2026-03-17|6 min read|--devlog--xulangedu--excel--parser--indie-maker

The Day We Taught a School System to Read Excel

The Day We Taught a School System to Read Excel

There's a specific kind of satisfaction that comes from solving a problem you didn't know existed until you stared at someone else's spreadsheet for twenty minutes.

Today was that kind of day.


## The Setup

XuLangEdu is a school management system I'm building for Dũng — a friend who runs a tutoring center in Lạng Sơn. Real students. Real teachers. Real money changing hands every month.

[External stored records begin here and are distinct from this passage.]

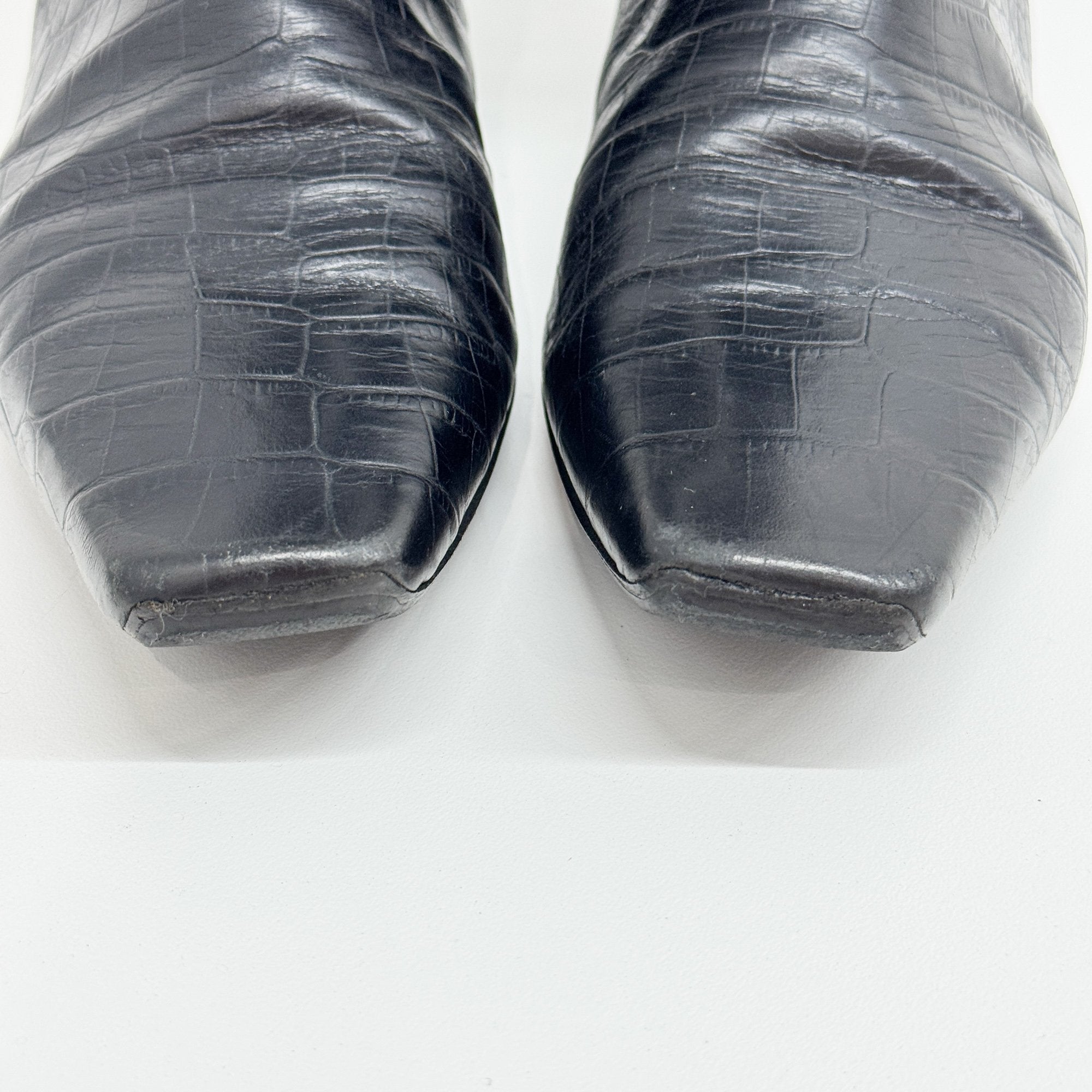 Size 37 1/2 EU Black Crocodile Embossed Leather Knee High Boots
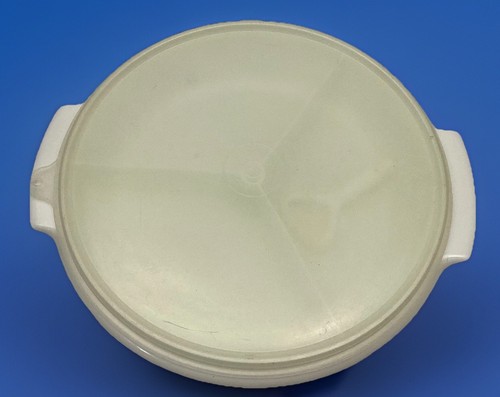 Tupperware Divided Serving Tray w Clear Seal Lid & Handle Vintage White Suzette - Picture 6 of 24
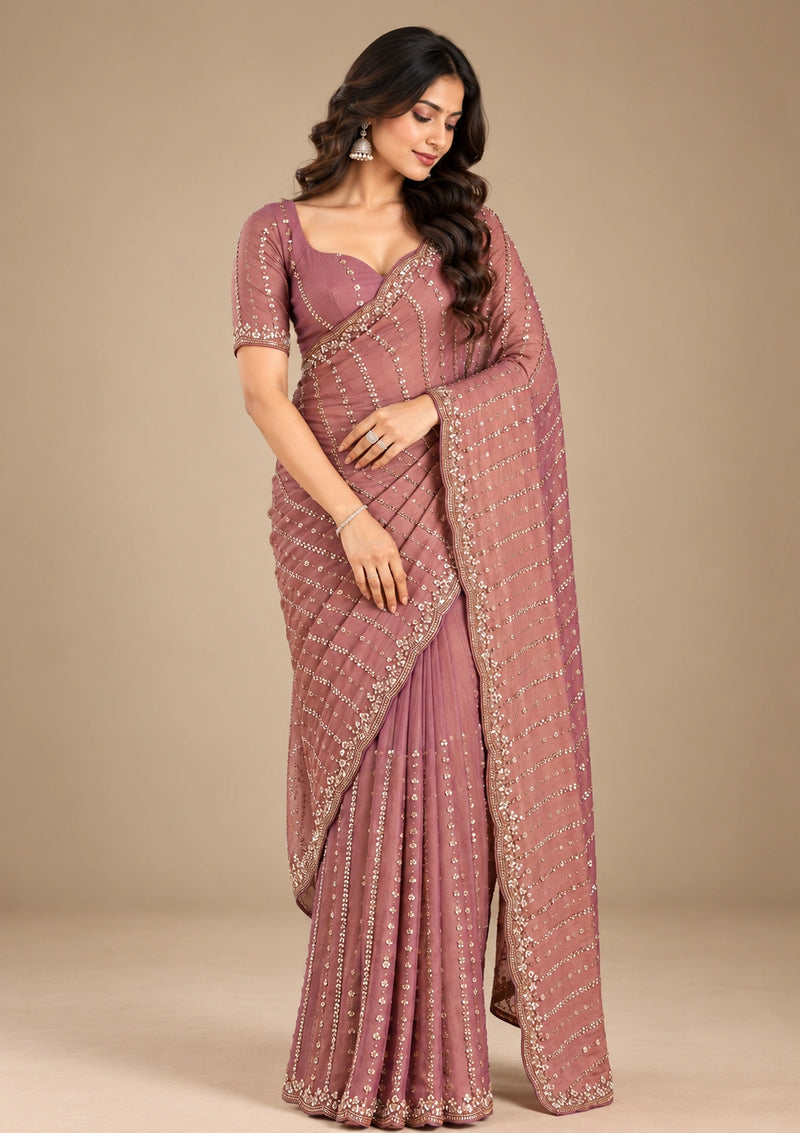 Dusty rose sequin georgette saree - side pose
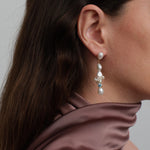 Capri Irregular Blue Zircon Pearl Long Earrings GEMBEA JEWELRY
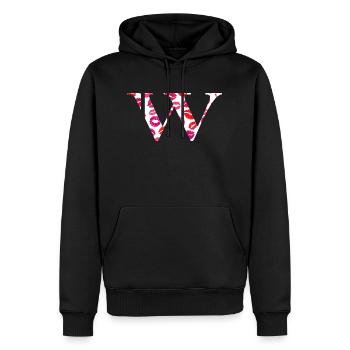 Brief mit Küssen - Männer Premium Bio Hoodie - Schwarz - Vorne - Nico (187cm)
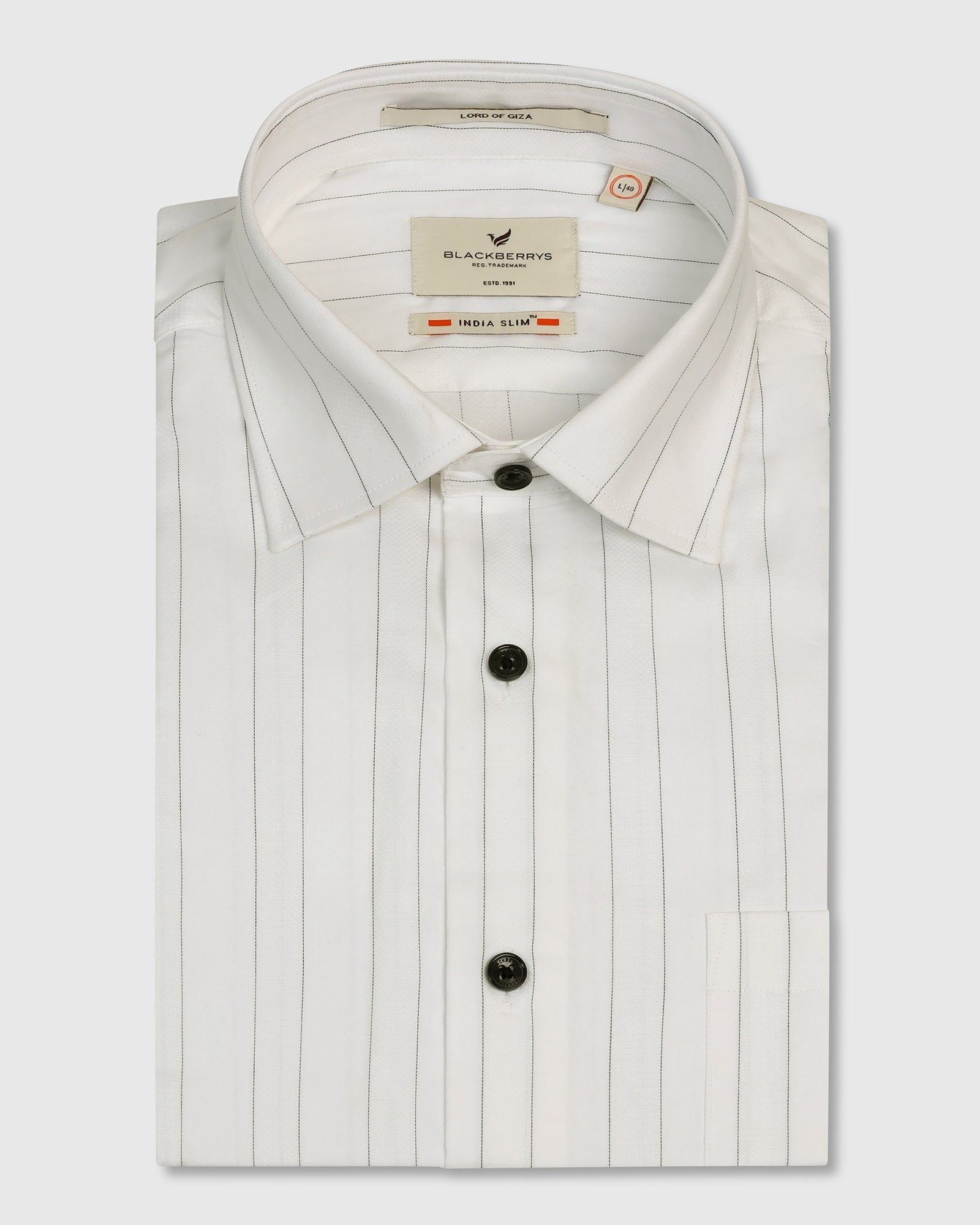 Formal White Stripe Shirt - Austin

For months, Dũng has been managing everything in Excel. Attendance sheets. Fee statements. Teacher schedules. All of it lives in a web of spreadsheets that only makes sense if you built them yourself.

My job today: make the app understand those spreadsheets.


## The Files

Dũng uses two types of Excel files every month:

Fee statements — the source of truth. Student names, fees per session, total owed, attendance marks, parent contact info. Messy but complete.

Attendance files — teacher-facing. Class schedules, which teacher taught which session, notes about students. More structured, different enough to break a naive parser.

Five files total. Two subjects (General Math THCS, Specialized Grade 9). One afternoon to make them importable.

I started confident. I ended humbled.


## The Parser That Kept Lying

The first version worked. Sort of.

Upload a file, get a summary: "12 classes, 452 students." I felt good for about three minutes.

Then I opened the student list.

Nguyễn Thanh Dũng. Liễu Thanh Tùng. Ngô Thế Giang.

Those aren't students. Those are teachers. The parser had cheerfully included the teacher roster — repeated across five different class sheets — in the student count.

Here's what happened: Each sheet in the Specialized Grade 9 file has two tables. The first is the student roster (mostly empty template slots with value 0). The second is a statistics block: "Number of students," "Average sessions," and then — the teacher name mapping table.

The parser saw STT=1,2,3... and names that weren't 0, and thought: students.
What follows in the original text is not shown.